Second, is there anyone who believes that the sort of cultural conservative who actively holds a microminority 28% public opinion on a culture war matter isn’t already maximally engaged on behalf of Trump and Republicans in general? Evangelical Christians are Trump’s hardcore base, the ones who come to his rallies and stick with him no matter what. They come out to vote in fair weather and foul, a big reason why they continue to exercise outsize political power despite their shrinking numbers. They are already as motivated as they possibly can be or ever will be. Donald Trump is their Flight 93 president, their final savior from the politically correct heathens on the road to what they hilariously see as the perdition of Western Judeo-Christian civilization. A jab from Elizabeth Warren is a tiny lava drop in the fiery ocean of their collective hatreds and resentments.

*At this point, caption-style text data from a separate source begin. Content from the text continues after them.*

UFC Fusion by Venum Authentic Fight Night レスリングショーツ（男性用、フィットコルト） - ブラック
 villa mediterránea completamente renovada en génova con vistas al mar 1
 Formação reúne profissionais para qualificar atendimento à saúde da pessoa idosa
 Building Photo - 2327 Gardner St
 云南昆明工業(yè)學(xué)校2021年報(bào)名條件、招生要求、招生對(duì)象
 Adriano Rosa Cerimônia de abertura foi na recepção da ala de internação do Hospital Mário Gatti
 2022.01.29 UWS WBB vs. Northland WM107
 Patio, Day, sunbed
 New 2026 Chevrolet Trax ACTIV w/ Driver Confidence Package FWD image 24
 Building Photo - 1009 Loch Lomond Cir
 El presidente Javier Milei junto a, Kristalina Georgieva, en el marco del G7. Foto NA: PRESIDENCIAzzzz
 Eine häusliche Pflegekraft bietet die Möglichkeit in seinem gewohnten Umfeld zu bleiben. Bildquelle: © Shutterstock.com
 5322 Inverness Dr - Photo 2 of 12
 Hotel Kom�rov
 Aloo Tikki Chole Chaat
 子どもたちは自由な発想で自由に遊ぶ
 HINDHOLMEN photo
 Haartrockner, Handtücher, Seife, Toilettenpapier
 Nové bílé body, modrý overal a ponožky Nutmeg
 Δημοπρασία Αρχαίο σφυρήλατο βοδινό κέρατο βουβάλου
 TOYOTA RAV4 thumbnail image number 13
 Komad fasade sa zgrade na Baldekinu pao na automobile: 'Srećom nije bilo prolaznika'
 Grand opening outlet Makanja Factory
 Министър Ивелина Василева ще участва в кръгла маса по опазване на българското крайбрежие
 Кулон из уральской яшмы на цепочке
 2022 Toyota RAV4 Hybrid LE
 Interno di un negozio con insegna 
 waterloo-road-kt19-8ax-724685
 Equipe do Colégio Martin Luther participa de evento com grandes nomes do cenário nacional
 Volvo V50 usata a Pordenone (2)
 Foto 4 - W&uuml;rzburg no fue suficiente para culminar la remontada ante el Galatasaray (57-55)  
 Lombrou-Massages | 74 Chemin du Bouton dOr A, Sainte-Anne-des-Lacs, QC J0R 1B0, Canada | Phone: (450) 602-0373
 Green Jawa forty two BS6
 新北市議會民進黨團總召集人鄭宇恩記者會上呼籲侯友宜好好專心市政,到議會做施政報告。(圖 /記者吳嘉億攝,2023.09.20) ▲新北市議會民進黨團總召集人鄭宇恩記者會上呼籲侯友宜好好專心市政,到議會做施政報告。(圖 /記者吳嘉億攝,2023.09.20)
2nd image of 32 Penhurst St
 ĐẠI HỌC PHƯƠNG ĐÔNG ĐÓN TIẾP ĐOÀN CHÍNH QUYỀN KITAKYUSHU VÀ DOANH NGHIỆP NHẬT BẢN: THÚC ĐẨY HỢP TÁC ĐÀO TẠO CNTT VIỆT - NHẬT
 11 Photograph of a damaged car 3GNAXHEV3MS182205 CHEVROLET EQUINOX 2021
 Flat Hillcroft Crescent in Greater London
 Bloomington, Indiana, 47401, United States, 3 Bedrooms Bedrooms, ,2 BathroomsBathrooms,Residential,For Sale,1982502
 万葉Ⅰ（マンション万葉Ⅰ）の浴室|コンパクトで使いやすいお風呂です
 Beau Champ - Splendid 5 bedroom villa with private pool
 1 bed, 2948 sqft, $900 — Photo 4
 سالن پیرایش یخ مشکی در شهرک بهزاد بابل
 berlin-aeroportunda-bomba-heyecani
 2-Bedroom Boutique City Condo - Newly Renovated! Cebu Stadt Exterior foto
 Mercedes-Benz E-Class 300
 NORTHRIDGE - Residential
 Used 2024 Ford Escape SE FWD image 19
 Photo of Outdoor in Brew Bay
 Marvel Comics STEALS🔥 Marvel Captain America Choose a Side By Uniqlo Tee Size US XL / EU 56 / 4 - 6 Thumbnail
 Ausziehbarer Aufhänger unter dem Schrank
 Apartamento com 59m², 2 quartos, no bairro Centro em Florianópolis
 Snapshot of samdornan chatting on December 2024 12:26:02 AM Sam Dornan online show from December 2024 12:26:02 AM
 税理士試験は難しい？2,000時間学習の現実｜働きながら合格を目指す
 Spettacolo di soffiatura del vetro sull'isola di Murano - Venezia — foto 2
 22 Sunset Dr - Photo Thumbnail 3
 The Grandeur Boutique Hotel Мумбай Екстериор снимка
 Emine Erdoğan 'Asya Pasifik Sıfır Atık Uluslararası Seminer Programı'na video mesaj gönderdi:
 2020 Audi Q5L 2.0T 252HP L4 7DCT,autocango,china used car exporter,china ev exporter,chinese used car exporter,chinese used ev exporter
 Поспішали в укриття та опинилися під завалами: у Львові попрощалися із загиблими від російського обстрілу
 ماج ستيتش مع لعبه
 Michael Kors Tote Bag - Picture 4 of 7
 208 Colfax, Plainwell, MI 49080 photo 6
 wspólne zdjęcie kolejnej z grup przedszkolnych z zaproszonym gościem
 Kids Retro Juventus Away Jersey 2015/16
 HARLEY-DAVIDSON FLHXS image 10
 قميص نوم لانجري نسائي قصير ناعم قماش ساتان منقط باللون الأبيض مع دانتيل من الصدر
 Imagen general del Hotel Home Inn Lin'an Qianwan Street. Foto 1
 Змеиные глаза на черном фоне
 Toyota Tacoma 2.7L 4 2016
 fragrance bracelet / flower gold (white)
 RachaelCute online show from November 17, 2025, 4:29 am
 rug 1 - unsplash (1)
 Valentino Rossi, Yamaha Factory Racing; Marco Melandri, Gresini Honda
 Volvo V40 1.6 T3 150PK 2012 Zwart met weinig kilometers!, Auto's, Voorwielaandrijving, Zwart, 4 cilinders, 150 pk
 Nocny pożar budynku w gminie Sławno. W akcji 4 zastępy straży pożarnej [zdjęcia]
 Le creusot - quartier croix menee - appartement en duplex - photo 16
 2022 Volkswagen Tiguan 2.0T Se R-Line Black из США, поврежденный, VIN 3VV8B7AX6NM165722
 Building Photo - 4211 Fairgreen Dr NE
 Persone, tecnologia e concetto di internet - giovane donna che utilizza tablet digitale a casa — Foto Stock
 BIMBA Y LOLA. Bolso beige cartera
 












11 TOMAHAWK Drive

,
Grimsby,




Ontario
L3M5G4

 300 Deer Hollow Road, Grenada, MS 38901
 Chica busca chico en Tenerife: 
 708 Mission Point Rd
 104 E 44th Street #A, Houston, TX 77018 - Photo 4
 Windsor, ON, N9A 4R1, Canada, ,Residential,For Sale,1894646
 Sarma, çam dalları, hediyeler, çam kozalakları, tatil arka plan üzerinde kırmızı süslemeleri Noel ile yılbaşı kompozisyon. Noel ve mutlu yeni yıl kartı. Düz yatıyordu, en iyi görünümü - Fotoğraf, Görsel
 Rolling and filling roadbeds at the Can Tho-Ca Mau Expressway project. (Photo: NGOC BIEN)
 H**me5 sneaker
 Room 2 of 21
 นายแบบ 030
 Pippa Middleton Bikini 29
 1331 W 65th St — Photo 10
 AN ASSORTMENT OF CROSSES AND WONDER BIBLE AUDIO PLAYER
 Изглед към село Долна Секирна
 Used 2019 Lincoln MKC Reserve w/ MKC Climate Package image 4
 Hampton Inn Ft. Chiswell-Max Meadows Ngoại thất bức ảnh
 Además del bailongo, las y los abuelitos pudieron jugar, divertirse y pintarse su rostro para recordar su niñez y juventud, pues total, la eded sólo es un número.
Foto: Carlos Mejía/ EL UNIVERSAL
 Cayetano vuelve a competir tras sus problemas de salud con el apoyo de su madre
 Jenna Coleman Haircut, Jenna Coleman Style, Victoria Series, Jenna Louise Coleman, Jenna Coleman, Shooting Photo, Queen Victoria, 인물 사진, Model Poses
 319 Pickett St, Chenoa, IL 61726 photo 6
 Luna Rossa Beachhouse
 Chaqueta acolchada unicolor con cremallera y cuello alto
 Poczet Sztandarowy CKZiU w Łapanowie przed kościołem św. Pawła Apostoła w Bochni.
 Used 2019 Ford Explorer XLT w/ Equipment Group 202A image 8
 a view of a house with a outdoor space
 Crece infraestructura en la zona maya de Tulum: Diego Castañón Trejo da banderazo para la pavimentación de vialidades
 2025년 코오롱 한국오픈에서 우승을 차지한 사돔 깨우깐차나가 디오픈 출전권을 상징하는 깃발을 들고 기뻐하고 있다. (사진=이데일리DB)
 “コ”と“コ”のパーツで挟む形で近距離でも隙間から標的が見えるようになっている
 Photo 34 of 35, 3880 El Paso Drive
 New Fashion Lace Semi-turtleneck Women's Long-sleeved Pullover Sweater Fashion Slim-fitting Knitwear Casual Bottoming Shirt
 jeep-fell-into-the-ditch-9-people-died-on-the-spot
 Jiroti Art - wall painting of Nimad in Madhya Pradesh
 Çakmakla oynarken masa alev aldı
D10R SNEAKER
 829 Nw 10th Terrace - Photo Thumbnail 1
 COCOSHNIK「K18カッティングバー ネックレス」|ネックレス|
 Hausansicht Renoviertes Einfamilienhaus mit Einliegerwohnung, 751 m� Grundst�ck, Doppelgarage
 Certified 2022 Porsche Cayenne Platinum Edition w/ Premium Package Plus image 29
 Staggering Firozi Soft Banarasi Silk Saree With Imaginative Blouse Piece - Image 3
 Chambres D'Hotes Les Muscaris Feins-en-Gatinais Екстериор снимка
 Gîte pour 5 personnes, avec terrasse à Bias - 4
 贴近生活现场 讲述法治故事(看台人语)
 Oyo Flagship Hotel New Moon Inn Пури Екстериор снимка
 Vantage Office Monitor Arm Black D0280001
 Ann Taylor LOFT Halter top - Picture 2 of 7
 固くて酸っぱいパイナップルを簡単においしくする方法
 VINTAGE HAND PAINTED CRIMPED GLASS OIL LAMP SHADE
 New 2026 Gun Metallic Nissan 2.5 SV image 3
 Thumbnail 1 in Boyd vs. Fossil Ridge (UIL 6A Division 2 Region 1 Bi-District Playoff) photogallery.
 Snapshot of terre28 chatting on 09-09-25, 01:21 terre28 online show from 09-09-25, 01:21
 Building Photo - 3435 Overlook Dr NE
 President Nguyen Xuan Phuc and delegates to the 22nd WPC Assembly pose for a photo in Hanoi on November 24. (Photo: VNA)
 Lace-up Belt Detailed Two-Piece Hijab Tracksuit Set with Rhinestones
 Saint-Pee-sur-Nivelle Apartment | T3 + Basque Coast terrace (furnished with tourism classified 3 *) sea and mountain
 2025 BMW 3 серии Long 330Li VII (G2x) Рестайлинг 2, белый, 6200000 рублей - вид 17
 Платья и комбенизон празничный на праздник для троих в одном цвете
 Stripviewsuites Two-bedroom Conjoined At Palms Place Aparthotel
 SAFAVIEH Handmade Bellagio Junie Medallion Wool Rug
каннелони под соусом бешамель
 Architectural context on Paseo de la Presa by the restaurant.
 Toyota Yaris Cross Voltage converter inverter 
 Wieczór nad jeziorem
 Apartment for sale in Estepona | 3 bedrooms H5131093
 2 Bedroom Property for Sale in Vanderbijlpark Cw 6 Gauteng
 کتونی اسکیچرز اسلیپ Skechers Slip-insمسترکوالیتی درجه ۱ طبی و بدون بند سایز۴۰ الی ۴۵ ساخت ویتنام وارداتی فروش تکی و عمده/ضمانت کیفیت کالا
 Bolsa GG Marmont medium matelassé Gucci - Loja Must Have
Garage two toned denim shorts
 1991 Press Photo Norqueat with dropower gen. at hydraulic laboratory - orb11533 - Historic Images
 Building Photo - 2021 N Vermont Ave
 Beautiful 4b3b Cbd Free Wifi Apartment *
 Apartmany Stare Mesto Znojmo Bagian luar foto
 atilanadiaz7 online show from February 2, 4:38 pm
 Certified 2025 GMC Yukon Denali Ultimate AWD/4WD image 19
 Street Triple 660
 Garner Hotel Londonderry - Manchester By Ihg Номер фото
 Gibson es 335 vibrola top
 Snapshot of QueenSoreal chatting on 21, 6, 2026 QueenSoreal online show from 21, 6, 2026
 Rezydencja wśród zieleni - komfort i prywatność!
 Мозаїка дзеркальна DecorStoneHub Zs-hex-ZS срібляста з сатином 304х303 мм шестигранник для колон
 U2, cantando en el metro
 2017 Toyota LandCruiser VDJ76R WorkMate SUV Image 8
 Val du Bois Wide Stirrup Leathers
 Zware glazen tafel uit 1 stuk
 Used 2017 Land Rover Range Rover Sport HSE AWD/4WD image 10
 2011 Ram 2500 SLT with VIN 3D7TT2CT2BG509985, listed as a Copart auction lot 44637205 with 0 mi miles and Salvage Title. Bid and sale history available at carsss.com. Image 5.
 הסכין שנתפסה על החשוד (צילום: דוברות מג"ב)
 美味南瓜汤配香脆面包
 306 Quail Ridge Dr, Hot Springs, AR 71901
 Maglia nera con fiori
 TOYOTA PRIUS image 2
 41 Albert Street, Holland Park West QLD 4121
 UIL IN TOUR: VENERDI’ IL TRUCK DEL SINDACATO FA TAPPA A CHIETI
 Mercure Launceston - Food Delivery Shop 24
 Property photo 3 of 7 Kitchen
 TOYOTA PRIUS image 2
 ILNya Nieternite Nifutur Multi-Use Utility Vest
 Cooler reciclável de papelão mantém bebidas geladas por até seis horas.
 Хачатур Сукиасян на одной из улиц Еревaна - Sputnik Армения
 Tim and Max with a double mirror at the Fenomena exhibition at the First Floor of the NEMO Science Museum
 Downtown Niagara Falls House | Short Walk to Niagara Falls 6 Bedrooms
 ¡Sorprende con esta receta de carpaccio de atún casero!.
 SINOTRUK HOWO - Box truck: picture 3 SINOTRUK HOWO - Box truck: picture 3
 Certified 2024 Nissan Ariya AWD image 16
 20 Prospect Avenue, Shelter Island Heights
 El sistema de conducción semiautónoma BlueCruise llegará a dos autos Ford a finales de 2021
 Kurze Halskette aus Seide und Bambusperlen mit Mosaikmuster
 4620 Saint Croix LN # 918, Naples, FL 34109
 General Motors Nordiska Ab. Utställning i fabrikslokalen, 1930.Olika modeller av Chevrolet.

The last thing Democrats should be concerned about is the snowflake-like fragility of straight-white-male-evangelical egos. Rather, it is essential to marginalize their version of toxic Christianity from mainline faith groups, and work to normalize a healthier, less hateful form of masculinity to which disaffected young men can aspire. This can take the form of high-minded lofty speeches about hope and tolerance, but a good pointed joke at the expense of bigots can also work wonders as both to affirm those who have long faced discrimination, as well as to de-center those who would continue to oppress them given the chance.

But it’s not just the bigots who need marginalization. The handwringers who continue to obsess over not riling them up, as if they still made up the contours of a conservative Silent Majority that simply no longer exists, should also be ignored and set aside in favor of those who understand the dynamics of America in the year 2020.